| Description of the task |
For the data that follows, print the line with "Indian chick masturbates", the line with "Ford Kuga - 30", and all lines between them, exactly as they stand. Omit pictures and add nothing.

| Supplied records |
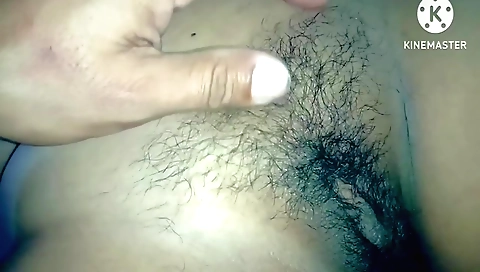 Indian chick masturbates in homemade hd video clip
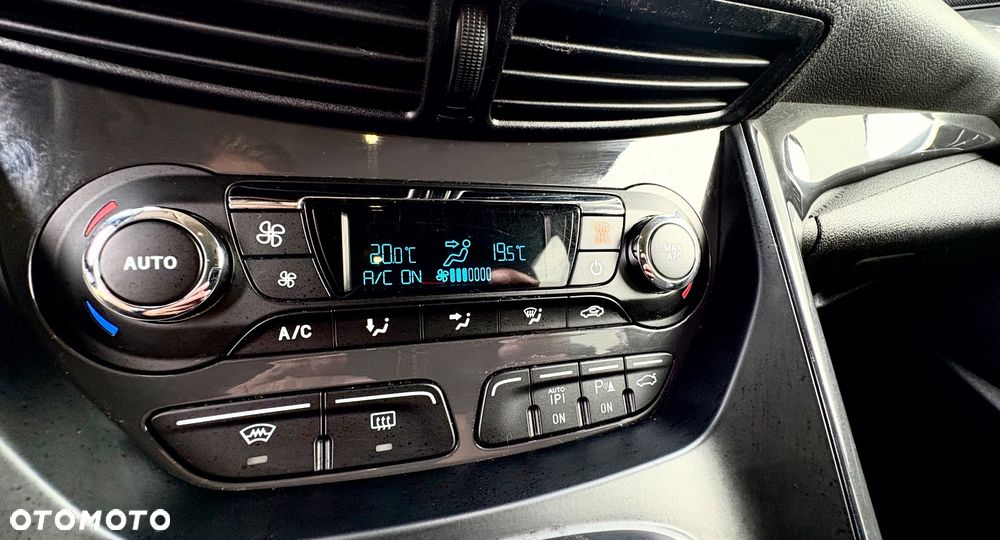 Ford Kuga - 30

---

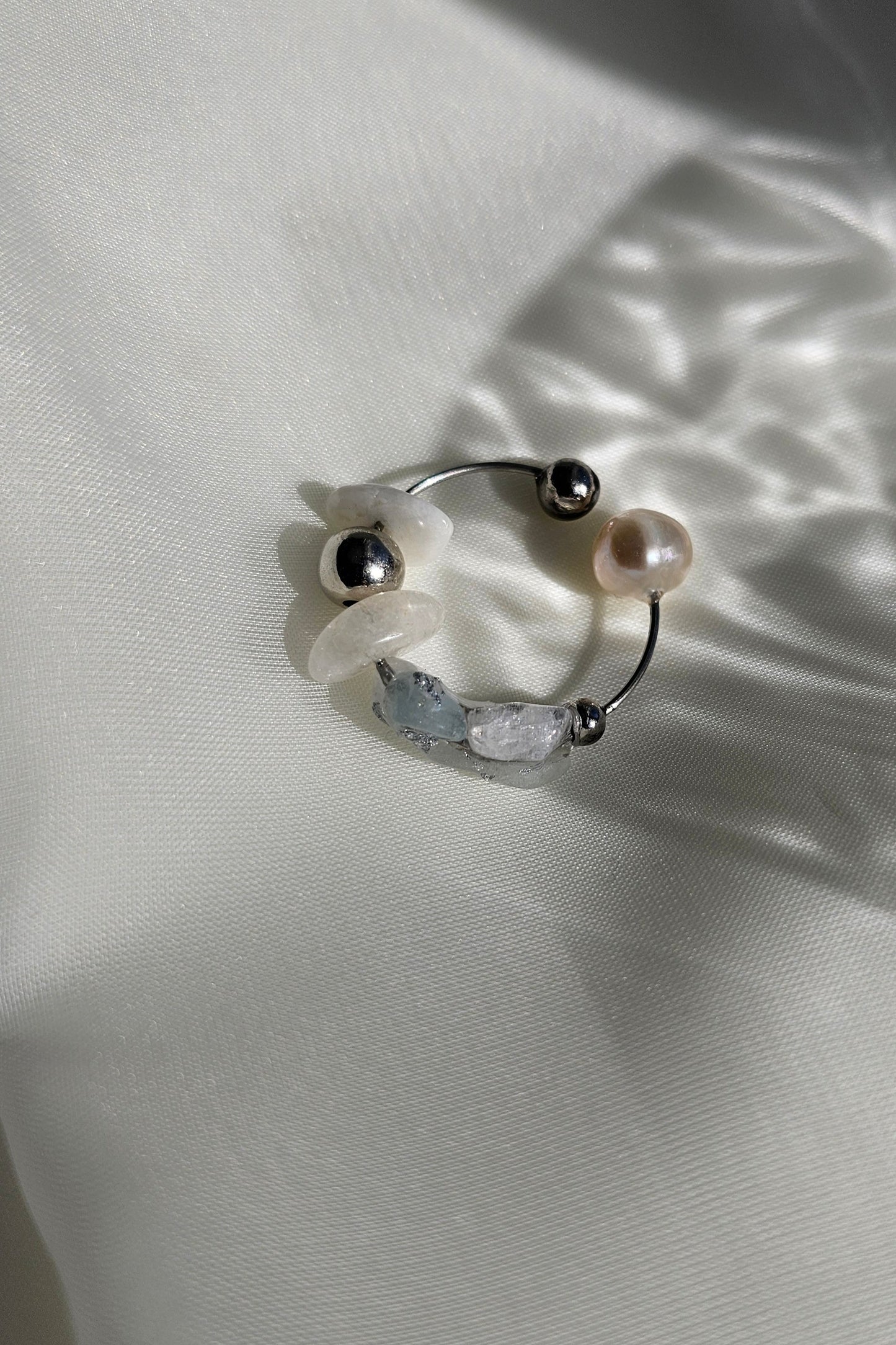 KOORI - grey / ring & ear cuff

==

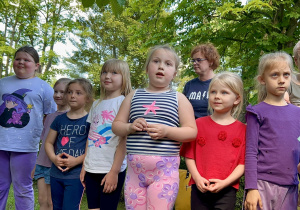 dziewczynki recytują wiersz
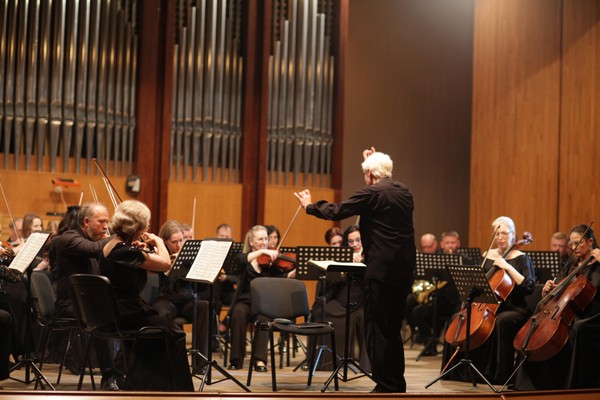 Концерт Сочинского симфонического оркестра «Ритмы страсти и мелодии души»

| Solution to the exercise |
 Indian chick masturbates in homemade hd video clip
 Ford Kuga - 30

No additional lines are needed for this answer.